Sunday, January 22, 2017

Books I read on the beach

Counting right before and right after my 6 days in Jamaica:

1) Theodore Dreiser, The Titan - I had initially thought that, in my literature book, I would only write about the predecessor volume, The Financier. But this one is in some ways even more interesting sociologically. It foreshadows Ayn Rand (and is much closer to that than to Horatio Alger), except that the author stands somewhat apart from the lead character's regard for his own "greatness." Someone, perhaps David Frum, called this book an Ayn Rand novel written by a socialist, and that's a good way of putting it.

2) Lindsay Cameron, Biglaw - I read this for my first-year reading group, covering 4 novels about law school or  legal practice (with the other three being by Lisa McElroy, David Lat, and me). The idea is that we read the books, then meet and talk with the authors, including Ms. Cameron this coming Wednesday. Biglaw does a great job of satirically yet horrifyingly conveying the NYC Biglaw corporate setting. I certainly hope that it's exaggerated for literary effect, rather than meant to be accurate! But I fear that it actually is all too accurate. Something to ask the author about.

3) Edith Wharton, House of Mirth - also for my literature book. Great and very sad; I was half or more of the way through before I saw my line of approach for writing about it. An odd point about the book's structure: it's all about Lily Bart having one chance after another after another after another to succeed in achieving complete financial security. But she throws all of these chances away, sometimes whimsically or self-indulgently, but often based on her actually accepting the Old Money social ideals that everyone else realizes by now are wholly fraudulent.  And she's the only one who still actually believes in those ideals (which are aesthetic, not by any means ethical).  Okay, Selden believes in them too, but they cost him nothing rather than everything.

4) Booth Tarkington, Alice Adams - interesting Midwestern early 20th century social portrait of a whimsical and ill-starred character, by the author of The Magnificent Ambersons (which I may also, though only briefly, write about in the literature book). I kept picturing a flightier Katherine Hepburn (who played the title part in the movie of Alice Adams), but the book mercifully lacked the movie's saccharine ending.

5) Margaret Millar, A Stranger in My Grave - interesting mid-century noir fiction, although the resolution was a bit pat.

6) Georges Simenon, The Mahe Circle - very dark and perverse, concerning a mad and suicidal obsession. One of his "dur" rather than Maigret novels.

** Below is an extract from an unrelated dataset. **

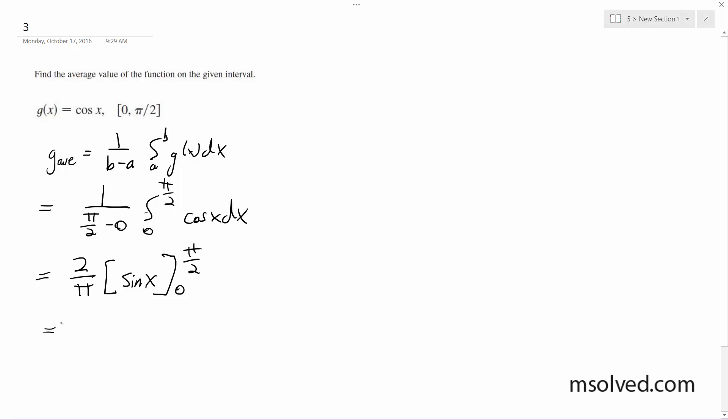We end up with 2 over pi times, sine of pi over 2 is 1, and then sine of 0 is 0, so 1 minus 0. So what we end up with is g of average, which is equal to 2 over pi.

7) Elmore Leonard, 52 Pickup - fun reading for the plane, though it got a bit tense near the end.

8) Pierre Boileau and Thomas Narcejac, Vertigo - The novel that was the basis for the immortal Hitchcock film. They apparently wrote it in the hope that he would option it. Set in 1940s France, and with a couple of key plot differences including a different (but also dark) ending. Obviously, I knew what the key plot twist would be before it happened. Quite good in its own way, especially if you come to it from the movie and find the transmutations interesting.

I seem to have used the word "dark" quite a lot in this blog entry. Sorry about that from a writerly standpoint, but it certainly is the word of the day for me these days.